After the computer is on for a while (a few hours) the system totally locks -no mouse movement , no ctrl-alt-del (task manager). Any ideas would be appreciated.
This error code is a unexpected shutdown/restart.
Just happened again an hour after rebooting. How can I troubleshoot this issue?
Is this a problem?
What i’d do is, live boot off USB, run a mem-test. for at least 4 passes of all your memory. Then i’d check drivers on your install. Is this laptop a clean install on a clean drive? which drive? Was it a full build you purchased from frame.work or a DIY laptop? Is the drive old or new? Does it lock up / hang when you boot from some other USB drive? say, knoppix, or ubuntu live or other. You should be able to use that os for awhile and see if similar happens. Was your windows install always doing this? Have you installed updates lately? have you installed the driver pack from frame.work? Are you using the beta bios or the shipped one? Do you have any tools installed that will show you thermals? Is the laptop on a hard surface, are the fan grates not blocked. Are there any peripherals plugged into USB? If so, does similar happen when everything is unplugged, including all modules? Are you using the charger that shipped with it (the offical frame.work charger). Lots of things could be the cause. Is your RAM seated correctly. Sorry, its a lot, but many things could be a potential cause. Sorry for the frustration, its not great when things dont work. Just trying to get an idea of what direction to go here.
Cheers
Do you have a link for a boot/memtest USB file?
This is a DIY, new drive.
I don’t think Win was always doing this. I have not installed updates, but don’t know if Windows did. I did install the driver pack from Framework. Unit has the shipped bios. It’s on a hard surface, so fan grates aren’t blocked. There was a usb mouse plugged in but it happened again without it plugged in. Yes, stock charger. I believe the ram is plugged in properly, but a mem test would show something is wrong, right?

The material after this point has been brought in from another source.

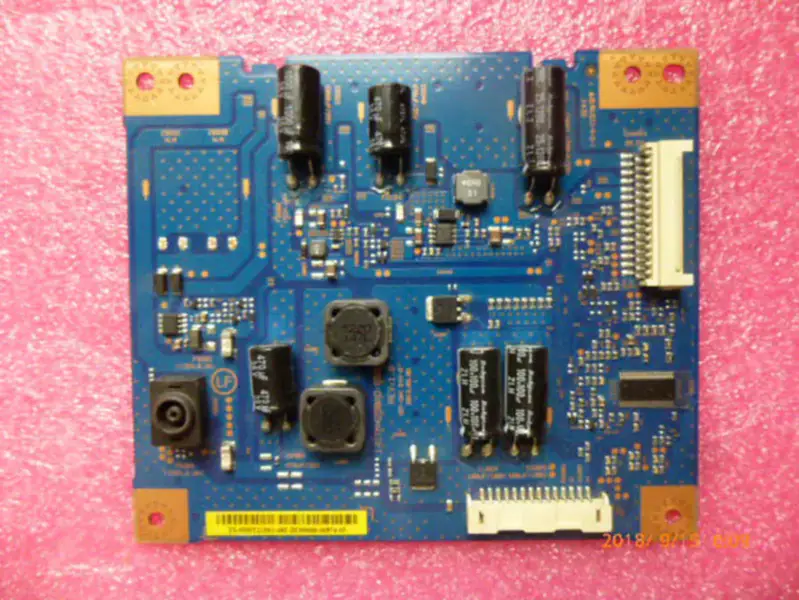 Sony KDL-55W800B 55 inch 4K board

Is there something in the system log that would give us better clues?
Thanks.
Here is a link, but I realize I have not used memtest on the frame.work laptop yet. For what I can tell, it boots into UEFI only, and you’d have to use the latest image from: MemTest86 - Download now!
There are instructions there for creating a boot USB. I haven’t done this myself, though i’m curious and will try it later to see how well / if it works.
Win10 installs updates on its own, so hard to tell what has happened there. Good to know it may not have always done this. (I’m mostly trying to figure out if its a hardware issue vs. software). The memtest should show issues, yep. You could check the logs as to when and which updates have been installed. I don’t know a ton about win10 though, so someone else, weight in if you know better. I assume you can roll-back updates, and if you can, you can postpone updates in the settings for at least a week. Which, if you can uninstall updates, then postpone them, see if that helps. Depending on how I would feel, I’d try creating the memtest, or just try uninstalling any potential updates and seeing what that does. (lazy troubleshooting method). Another thing I’d consider (radioactive version) is, burning it to the ground, re-installing, then postpone updates and use it for a bit to see what happens (before installing the driver pack then after installing, but both after disabling updates for a week or whatever the max time is). [best case, test mem, then disable updates, rollback updates and see if issues still occur]. Though, i’d maybe just try rolling back updates and postponing so i can continue to use the machine, and see what happens (again, lazy troubleshooting)
Sorry for rambling, let us know what your trying. I’ll let you know what i see testing the newer uefi memtest. (though, if it wasn’t an issue immediately, the memory issue is less likely.)
Unfortunately those “Critical” errors are just logged by the system when it starts up again after an “unclean” or forced shutdown. So it’s just telling you that you held the power button down to turn the thing off, nothing more. You could look at the full log and look for the last things logged before a hang/restart for a clue, though it’s no guarantee.
Checking your memory as someone suggested is probably a good idea if only to help rule out bad stick(s) as a culprit. MemTest86 is sort of the standard, you can flash it to a USB stick and boot from it. I believe Windows also includes a “Windows Memory Diagnostic” tool that will run on reboot that you could try.
Thank for the info… I’ll give the memory test a try.